Segment Open

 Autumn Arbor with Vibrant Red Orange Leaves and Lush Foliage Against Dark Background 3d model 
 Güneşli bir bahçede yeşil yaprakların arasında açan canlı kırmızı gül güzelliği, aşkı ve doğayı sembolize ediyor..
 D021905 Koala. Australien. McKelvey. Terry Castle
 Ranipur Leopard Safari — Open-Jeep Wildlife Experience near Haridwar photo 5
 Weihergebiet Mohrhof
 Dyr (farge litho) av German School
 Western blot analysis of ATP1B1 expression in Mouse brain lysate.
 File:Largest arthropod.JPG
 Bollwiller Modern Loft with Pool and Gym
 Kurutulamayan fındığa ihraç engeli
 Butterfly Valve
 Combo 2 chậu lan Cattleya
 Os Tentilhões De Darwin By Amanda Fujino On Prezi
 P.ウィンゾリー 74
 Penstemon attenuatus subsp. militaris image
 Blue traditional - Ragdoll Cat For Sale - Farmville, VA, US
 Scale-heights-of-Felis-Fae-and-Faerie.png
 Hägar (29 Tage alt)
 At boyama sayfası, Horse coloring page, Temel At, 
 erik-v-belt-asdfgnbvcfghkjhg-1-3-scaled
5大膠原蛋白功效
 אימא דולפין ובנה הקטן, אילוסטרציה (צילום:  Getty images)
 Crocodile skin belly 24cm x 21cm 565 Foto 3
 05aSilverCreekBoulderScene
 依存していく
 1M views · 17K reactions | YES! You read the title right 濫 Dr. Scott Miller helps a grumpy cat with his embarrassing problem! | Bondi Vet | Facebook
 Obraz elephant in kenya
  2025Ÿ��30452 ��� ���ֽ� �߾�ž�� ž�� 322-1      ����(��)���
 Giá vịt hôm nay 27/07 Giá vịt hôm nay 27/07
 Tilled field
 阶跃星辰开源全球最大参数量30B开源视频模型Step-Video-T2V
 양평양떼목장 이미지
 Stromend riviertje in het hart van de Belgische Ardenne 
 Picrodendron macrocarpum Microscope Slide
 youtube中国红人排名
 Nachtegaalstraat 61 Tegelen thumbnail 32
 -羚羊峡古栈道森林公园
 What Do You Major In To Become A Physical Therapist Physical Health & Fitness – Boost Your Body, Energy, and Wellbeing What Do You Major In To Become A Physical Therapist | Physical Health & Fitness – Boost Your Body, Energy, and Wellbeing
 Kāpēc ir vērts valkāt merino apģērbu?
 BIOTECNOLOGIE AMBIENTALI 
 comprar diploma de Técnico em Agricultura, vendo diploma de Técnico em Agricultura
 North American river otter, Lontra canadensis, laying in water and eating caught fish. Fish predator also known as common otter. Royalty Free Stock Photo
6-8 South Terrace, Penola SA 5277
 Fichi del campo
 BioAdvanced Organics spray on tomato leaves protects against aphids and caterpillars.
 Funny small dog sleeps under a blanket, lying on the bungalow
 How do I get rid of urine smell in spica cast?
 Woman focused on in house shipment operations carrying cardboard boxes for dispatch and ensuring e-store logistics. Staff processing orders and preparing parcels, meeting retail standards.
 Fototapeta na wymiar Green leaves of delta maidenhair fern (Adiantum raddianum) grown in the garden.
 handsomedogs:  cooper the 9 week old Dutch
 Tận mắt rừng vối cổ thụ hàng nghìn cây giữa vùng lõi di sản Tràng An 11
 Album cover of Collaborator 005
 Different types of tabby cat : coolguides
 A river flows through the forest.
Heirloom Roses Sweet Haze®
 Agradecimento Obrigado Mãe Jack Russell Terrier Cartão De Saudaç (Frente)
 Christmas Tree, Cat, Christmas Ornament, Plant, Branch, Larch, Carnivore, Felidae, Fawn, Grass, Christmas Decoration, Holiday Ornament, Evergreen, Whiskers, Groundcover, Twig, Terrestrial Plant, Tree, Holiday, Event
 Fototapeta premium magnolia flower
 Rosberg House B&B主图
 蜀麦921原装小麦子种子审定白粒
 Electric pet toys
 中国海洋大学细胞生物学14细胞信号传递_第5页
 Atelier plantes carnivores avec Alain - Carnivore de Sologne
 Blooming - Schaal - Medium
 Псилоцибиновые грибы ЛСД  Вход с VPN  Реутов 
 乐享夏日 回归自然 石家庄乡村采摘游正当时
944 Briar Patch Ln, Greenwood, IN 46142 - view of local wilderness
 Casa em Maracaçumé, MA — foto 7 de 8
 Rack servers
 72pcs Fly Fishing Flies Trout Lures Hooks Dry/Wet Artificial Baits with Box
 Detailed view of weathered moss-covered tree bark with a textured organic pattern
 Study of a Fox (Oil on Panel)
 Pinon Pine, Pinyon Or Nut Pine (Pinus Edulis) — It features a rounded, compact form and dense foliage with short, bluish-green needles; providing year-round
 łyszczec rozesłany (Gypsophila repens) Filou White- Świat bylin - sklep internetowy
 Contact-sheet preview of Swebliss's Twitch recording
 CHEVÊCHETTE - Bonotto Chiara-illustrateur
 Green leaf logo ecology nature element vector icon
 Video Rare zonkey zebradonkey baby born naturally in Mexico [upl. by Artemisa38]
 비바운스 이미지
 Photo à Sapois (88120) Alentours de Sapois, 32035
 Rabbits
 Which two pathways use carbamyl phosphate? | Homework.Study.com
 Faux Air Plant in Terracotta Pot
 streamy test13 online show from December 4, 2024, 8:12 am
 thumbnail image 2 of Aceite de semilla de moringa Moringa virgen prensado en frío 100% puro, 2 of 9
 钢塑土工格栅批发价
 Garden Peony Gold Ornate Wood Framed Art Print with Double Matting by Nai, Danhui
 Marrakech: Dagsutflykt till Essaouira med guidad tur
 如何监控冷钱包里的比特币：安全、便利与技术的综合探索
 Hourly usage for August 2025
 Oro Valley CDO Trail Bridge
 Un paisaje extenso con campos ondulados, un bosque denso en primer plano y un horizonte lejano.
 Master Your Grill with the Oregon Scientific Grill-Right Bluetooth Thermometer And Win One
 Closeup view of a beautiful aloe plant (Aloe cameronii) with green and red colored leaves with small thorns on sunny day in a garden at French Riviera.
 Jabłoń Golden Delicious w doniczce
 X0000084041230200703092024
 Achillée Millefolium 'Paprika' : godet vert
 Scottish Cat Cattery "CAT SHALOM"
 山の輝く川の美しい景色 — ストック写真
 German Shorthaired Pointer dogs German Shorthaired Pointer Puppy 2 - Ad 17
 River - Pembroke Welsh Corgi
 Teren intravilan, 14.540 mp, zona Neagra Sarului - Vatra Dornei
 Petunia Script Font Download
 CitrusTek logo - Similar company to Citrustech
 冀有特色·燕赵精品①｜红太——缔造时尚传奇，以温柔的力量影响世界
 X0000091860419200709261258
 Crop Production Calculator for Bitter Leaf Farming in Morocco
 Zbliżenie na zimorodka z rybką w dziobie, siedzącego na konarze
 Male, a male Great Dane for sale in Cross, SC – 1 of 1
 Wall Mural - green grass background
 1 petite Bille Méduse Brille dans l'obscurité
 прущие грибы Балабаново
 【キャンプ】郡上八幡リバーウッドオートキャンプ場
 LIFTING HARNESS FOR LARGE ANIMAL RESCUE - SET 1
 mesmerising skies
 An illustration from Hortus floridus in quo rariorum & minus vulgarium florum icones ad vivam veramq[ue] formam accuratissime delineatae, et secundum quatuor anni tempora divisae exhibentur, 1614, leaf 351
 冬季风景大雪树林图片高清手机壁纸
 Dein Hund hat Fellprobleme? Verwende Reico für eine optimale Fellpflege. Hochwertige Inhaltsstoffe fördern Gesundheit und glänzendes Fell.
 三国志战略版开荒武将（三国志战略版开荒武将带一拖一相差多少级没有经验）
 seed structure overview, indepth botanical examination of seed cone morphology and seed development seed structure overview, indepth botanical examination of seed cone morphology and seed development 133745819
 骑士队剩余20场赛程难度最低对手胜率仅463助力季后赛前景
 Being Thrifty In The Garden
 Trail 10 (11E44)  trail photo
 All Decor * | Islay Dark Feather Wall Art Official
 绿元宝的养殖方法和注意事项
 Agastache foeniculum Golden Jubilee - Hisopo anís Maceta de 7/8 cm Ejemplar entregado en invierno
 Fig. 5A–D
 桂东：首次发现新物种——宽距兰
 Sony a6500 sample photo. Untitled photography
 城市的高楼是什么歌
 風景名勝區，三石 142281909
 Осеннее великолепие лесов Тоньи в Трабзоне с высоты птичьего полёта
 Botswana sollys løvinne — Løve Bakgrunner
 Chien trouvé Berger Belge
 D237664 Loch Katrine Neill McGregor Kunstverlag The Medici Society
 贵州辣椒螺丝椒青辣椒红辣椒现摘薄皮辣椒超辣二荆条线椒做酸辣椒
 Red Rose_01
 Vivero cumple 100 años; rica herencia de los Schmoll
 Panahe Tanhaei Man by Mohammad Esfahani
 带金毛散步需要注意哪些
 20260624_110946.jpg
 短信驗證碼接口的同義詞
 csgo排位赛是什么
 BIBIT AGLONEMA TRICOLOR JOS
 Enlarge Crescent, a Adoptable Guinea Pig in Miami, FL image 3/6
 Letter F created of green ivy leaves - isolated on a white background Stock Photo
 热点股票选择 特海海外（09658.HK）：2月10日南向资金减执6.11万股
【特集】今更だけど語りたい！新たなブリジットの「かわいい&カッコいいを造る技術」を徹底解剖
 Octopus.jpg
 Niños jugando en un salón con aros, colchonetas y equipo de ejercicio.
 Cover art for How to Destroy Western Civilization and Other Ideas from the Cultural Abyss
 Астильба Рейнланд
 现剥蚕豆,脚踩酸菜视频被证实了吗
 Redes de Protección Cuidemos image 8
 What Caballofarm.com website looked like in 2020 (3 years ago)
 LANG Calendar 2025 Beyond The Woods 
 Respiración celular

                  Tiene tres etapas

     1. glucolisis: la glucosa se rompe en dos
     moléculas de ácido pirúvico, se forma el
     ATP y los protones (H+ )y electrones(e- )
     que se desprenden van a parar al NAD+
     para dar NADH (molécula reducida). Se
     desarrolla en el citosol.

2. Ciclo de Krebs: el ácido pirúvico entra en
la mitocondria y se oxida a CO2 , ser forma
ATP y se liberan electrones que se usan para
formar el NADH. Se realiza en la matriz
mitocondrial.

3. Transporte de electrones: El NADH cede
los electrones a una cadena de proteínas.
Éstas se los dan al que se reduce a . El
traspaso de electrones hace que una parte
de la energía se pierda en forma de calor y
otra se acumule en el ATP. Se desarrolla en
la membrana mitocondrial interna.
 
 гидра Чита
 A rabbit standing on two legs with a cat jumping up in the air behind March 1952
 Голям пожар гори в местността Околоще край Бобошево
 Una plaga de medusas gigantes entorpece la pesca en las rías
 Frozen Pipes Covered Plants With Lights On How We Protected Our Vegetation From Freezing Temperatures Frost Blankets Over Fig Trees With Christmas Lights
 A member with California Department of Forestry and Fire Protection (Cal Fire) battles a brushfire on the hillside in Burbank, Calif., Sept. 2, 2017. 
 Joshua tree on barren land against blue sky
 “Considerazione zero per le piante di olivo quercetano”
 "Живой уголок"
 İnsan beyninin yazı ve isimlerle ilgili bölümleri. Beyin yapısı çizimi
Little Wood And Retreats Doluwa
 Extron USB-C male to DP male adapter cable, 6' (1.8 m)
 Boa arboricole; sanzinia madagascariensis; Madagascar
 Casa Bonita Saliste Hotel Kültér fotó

Segment Closed

Aim of the task →
Could you report how many lines of the listing contain the word "mitocondrial"? Only the number is needed.

Task output →
2